The pyramid of Ameny Qemau is an ancient Egyptian pyramid located in southern Dahshur. It was constructed for Ameny Qemau, an obscure king of the 13th Dynasty during the Second Intermediate Period.

==Pyramid==
The pyramid originally stood 35 m high with a base length of 52 m. The entrance was towards the east. The stone constituting its upper structure has been entirely robbed but the damaged substructures remain.
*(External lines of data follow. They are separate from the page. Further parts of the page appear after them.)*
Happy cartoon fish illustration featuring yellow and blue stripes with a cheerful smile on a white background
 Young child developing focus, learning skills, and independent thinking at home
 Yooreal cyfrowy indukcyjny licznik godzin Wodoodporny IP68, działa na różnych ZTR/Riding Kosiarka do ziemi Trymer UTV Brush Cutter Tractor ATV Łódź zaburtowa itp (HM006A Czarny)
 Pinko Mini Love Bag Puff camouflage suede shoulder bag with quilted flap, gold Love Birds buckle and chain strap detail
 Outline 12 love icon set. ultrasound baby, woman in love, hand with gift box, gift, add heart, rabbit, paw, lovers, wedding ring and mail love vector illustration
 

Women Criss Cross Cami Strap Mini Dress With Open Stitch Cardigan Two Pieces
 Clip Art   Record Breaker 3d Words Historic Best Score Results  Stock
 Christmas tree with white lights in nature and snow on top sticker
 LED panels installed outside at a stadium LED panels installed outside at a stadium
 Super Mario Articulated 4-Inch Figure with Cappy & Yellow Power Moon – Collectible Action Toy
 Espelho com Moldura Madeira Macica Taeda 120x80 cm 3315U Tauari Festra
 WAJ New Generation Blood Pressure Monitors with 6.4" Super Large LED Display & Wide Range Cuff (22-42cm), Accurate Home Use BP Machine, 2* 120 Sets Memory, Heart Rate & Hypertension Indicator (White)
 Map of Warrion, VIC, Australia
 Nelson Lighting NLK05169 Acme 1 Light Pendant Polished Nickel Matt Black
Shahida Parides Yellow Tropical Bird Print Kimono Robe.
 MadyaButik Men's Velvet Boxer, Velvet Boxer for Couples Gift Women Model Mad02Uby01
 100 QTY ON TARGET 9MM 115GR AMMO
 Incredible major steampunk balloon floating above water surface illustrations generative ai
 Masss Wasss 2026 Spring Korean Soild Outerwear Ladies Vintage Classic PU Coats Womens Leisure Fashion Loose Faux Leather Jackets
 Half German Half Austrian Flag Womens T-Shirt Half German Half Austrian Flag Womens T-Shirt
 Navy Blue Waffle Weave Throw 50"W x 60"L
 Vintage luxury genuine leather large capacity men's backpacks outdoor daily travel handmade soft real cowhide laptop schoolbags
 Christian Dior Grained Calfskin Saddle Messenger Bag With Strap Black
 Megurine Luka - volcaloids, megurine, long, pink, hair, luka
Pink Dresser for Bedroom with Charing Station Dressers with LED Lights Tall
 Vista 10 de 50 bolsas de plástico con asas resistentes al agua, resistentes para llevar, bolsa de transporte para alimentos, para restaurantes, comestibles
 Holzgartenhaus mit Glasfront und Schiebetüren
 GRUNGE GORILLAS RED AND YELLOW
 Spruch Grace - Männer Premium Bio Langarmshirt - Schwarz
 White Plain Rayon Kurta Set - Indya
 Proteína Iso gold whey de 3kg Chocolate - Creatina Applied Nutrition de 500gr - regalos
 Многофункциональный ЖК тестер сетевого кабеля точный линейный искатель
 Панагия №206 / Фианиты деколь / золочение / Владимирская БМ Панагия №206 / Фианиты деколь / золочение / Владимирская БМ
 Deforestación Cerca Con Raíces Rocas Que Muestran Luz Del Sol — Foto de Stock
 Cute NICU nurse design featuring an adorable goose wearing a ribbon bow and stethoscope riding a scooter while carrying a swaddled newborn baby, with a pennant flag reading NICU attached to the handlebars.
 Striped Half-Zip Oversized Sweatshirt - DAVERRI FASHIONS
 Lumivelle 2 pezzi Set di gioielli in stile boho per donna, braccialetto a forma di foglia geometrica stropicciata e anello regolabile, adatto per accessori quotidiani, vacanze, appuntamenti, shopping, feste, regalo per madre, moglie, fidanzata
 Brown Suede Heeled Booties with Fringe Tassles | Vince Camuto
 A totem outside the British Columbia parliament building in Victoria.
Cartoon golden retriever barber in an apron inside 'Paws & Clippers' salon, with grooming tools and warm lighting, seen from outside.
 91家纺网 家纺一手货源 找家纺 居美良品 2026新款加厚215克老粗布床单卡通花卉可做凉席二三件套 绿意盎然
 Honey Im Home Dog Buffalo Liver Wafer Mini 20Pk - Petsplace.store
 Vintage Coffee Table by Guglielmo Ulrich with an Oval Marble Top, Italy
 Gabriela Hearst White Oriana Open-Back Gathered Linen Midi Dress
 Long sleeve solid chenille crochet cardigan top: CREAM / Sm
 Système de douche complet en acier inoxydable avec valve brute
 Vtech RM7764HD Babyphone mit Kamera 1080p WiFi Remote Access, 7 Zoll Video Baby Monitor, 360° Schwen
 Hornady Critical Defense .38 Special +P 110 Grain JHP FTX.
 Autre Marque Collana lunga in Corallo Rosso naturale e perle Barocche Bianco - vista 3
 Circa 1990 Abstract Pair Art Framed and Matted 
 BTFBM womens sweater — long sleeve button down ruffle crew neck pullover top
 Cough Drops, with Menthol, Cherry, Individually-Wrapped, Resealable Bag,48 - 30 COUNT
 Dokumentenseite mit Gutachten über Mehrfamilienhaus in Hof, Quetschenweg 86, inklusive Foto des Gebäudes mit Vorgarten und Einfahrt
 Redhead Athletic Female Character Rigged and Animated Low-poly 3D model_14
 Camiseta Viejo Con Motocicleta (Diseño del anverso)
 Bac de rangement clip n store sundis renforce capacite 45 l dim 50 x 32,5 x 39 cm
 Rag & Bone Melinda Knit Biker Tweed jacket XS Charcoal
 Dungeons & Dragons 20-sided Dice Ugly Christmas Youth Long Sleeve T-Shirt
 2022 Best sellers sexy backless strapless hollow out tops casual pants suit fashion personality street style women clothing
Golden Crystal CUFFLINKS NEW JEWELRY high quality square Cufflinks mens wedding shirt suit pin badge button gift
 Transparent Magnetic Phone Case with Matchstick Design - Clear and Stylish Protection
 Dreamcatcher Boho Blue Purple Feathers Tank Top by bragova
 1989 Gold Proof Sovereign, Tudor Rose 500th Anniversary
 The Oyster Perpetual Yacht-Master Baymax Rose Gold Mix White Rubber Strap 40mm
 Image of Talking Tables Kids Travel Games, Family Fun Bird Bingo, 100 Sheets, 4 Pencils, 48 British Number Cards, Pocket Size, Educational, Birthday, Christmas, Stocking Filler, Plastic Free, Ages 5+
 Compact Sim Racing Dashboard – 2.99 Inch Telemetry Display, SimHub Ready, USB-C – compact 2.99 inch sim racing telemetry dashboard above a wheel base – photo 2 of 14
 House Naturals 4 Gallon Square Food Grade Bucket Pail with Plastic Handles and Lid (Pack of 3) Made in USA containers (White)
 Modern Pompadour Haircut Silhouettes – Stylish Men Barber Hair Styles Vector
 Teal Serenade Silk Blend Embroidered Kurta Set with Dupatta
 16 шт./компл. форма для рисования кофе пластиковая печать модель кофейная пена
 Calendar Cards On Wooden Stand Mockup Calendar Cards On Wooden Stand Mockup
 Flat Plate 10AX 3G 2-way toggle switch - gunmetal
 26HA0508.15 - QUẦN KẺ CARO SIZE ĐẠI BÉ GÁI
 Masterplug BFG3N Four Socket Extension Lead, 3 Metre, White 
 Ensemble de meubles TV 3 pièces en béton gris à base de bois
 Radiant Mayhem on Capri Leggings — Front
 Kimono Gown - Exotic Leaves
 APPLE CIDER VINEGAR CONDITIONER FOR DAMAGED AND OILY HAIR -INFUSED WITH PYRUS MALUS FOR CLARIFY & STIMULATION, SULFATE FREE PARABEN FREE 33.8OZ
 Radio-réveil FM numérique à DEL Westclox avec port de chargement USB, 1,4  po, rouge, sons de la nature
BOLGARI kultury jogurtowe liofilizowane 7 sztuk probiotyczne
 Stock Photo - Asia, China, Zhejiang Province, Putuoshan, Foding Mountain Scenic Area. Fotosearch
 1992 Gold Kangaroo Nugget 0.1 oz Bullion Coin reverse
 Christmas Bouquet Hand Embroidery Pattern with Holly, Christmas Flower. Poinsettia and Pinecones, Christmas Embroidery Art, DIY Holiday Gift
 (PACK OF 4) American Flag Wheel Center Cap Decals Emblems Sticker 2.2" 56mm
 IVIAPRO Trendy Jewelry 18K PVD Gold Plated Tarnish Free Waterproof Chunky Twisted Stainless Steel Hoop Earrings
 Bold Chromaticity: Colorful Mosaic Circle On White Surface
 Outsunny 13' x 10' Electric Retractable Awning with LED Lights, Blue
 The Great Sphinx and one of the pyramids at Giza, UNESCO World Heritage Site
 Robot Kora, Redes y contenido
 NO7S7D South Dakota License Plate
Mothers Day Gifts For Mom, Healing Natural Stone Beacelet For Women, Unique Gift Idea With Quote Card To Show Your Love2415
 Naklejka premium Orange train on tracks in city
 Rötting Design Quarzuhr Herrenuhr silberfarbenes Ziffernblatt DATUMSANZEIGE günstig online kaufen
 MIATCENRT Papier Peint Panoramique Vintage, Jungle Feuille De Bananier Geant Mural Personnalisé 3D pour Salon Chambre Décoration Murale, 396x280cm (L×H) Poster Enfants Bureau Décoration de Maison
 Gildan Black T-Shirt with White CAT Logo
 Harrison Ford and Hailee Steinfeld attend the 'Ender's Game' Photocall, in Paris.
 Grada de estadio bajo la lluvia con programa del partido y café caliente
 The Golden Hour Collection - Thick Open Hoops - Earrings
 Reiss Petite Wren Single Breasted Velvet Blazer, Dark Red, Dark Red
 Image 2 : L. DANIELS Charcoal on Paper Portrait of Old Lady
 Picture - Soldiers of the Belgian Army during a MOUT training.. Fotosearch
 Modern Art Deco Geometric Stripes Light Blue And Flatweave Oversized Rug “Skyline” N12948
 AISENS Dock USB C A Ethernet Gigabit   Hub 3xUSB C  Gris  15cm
The burial chamber comprised from a single colossal block of quartzite similar to that of Amenemhat III, with receptacles for the sarcophagus and the canopic jars hewn out of the interior of the block.

==Excavations==
The earliest known historical mention of the pyramid of Ameny Qemau is found in the book of the medieval Arab historian Taqi al-Din Ahmad Al-Maqrizi "Geography and History of Egypt" where Al-Maqrizi describes the "pyramids of Dashur".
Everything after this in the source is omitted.